▸ Exercise details
Go through the entries and copy every line that has the string "Photo" in it.

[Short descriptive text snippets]
══════

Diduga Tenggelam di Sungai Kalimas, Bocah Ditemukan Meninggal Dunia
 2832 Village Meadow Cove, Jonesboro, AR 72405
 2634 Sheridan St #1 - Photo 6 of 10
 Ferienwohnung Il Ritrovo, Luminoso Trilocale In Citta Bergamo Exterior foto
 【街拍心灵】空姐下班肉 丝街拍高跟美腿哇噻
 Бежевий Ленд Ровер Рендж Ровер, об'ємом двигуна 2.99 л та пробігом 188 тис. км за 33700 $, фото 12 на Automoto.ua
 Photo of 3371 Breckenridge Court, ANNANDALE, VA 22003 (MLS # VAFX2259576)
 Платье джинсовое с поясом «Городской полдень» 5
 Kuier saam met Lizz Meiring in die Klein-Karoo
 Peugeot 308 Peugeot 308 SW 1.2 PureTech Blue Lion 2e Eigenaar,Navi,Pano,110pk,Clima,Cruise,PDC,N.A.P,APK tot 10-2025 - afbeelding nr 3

══════

▸ Solved exercise
 2634 Sheridan St #1 - Photo 6 of 10
 Photo of 3371 Breckenridge Court, ANNANDALE, VA 22003 (MLS # VAFX2259576)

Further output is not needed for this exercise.